Bug #47622 the new index is added before the existing ones in MySQL, but after one in SE
Submitted: 24 Sep 2009 16:01 Modified: 14 Oct 2010 13:39
Reporter: Sveta Smirnova Email Updates:
Status: Closed Impact on me:
None 
Category:MySQL Server: InnoDB Plugin storage engine Severity:S3 (Non-critical)
Version:5.1 OS:Any
Assigned to: Jimmy Yang CPU Architecture:Any

[24 Sep 2009 16:01] Sveta Smirnova
Description:
This is split from bug #44571:

"[12 May 13:10] Marko Mäkelä
Case #2 (error message printed out by ha_innobase::info()) is a different mismatch between
the MySQL and InnoDB data dictionaries. table->s->keys==2, but ib_table->indexes.count==3,
because the first index is the generated clustered index (there is no PRIMARY KEY or
UNIQUE INDEX comprising NOT NULL columns). For some reason,
table->keys[0].name=="ruleacts$r$e$seq$act$a_id" but
ib_table->indexes.start->indexes.next.name=="ruleacts$arg_id". InnoDB assumes that the
secondary indexes are defined in the same order in both MySQL and InnoDB. In case #2, the
new index is added before the existing ones in MySQL, but after existing ones in InnoDB.
This could be fixed in MySQL, by adding the created indexes last in the .frm file. If
UNIQUE indexes must be listed before non-UNIQUE ones in the .frm file, then we must make
InnoDB follow the same order.
"

How to repeat:
See bug #44571
[17 Nov 2009 11:41] Sergey Vojtovich
A comment from sql_table.cc (sort_keys()):

  Sort keys in the following order:
  - PRIMARY KEY
  - UNIQUE keys where all column are NOT NULL
  - UNIQUE keys that don't contain partial segments
  - Other UNIQUE keys
  - Normal keys
  - Fulltext keys

  This will make checking for duplicated keys faster and ensure that
  PRIMARY keys are prioritized.
[26 Nov 2009 8:34] Marko Mäkelä
Bug #49034 is a duplicate of this.
[27 Nov 2009 11:08] Yasufumi Kinoshita
In innodb, PRIMARY KEY always at first and normal INDEX is added to last.
Only unique index is not sorted crrectly.

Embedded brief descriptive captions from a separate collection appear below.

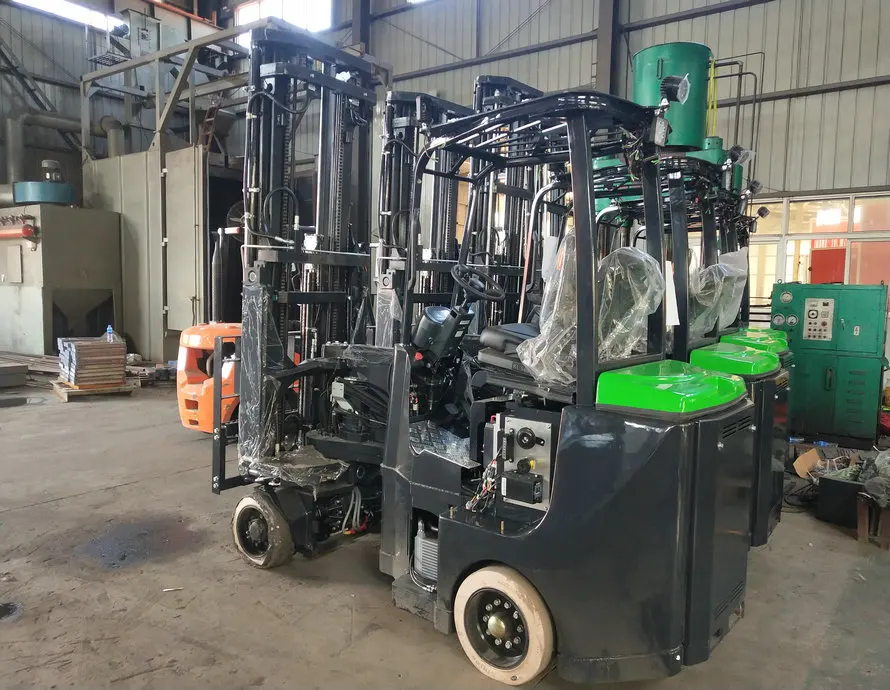 Handling and lifting machinery NA25 Original UK 2.5 ton 13 m narrow aisle forklift for sale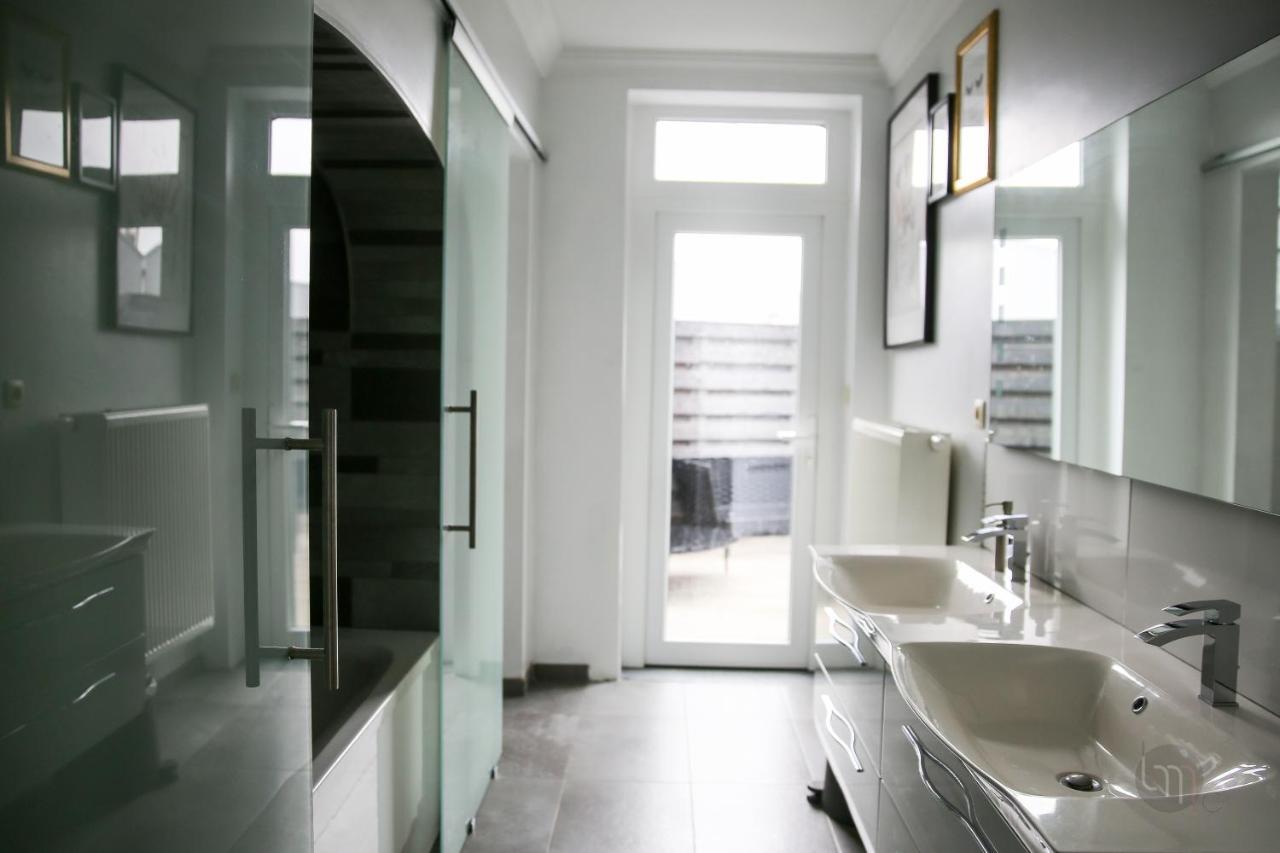 Maison avec Jacuzzi 5ch Verviers Eksteriør billede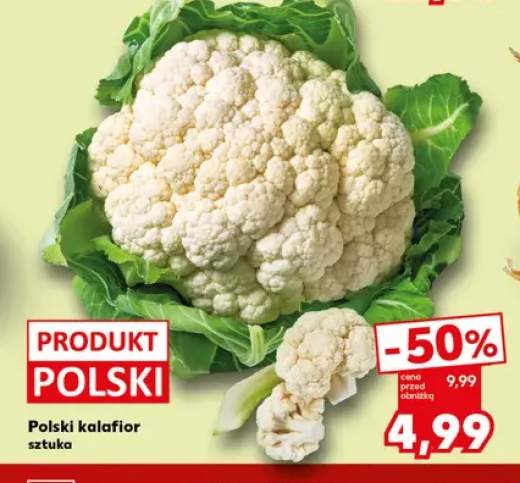 Kalafior polski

So, how about the following patch for now?

--- handler/ha_innodb.cc        2009-11-27 16:19:14.000000000 +0900
+++ handler/ha_innodb.cc        2009-11-27 19:49:21.000000000 +0900
@@ -2568,7 +2568,10 @@ innobase_alter_table_flags(
 {
        return(HA_ONLINE_ADD_INDEX_NO_WRITES
                | HA_ONLINE_DROP_INDEX_NO_WRITES
-               | HA_ONLINE_ADD_UNIQUE_INDEX_NO_WRITES
+               /* Current InnoDB doesn't sort unique indexes along mysqld's order
+                  It is dangerous to use index. So it is disabled until
+                  the bug http://bugs.mysql.com/47622 */
+               /* | HA_ONLINE_ADD_UNIQUE_INDEX_NO_WRITES */
                | HA_ONLINE_DROP_UNIQUE_INDEX_NO_WRITES
                | HA_ONLINE_ADD_PK_INDEX_NO_WRITES);
 }
[2 Dec 2009 7:39] Jimmy Yang
We accommodate this request by de-coupling the metadata sequence in cache and those on disk for innodb. Each time we open the table, and load index into memory, we check and make additional effort (if necessary) to sync up the innodb index sequence along with the sequence from mysql.
[3 Dec 2009 9:59] Marko Mäkelä
It seems that sorting the InnoDB data dictionary cache representation of the persistent InnoDB data dictionary records in SYS_INDEXES would generate a large number of problems. To name a few:

* In many places in row/row0*.c, the linked list of dict_table_t::indexes is traversed without any mutex protection.
 * It seems unreasonable to protect each traversal with dict_sys->mutex. That would likely generate a lot of mutex contention.
 * Because the doubly-linked list is never traversed in the backward direction, we could possibly sort the list by adapting a lock-free algorithm for singly-linked lists.
* When InnoDB is started, it can access tables before MySQL tries to access them.
 * trx_rollback_active() will roll back any transactions that were active when InnoDB was last shut down or killed
 * trx_purge() will remove delete-marked records pointed to by undo logs
* The mapping would not be adjusted until MySQL tries to access the InnoDB tables.
 * There could be unexpected consequences if the order of indexes suddenly changes. I am thinking about locking, transaction-level crash recovery and the idempotence of row operations.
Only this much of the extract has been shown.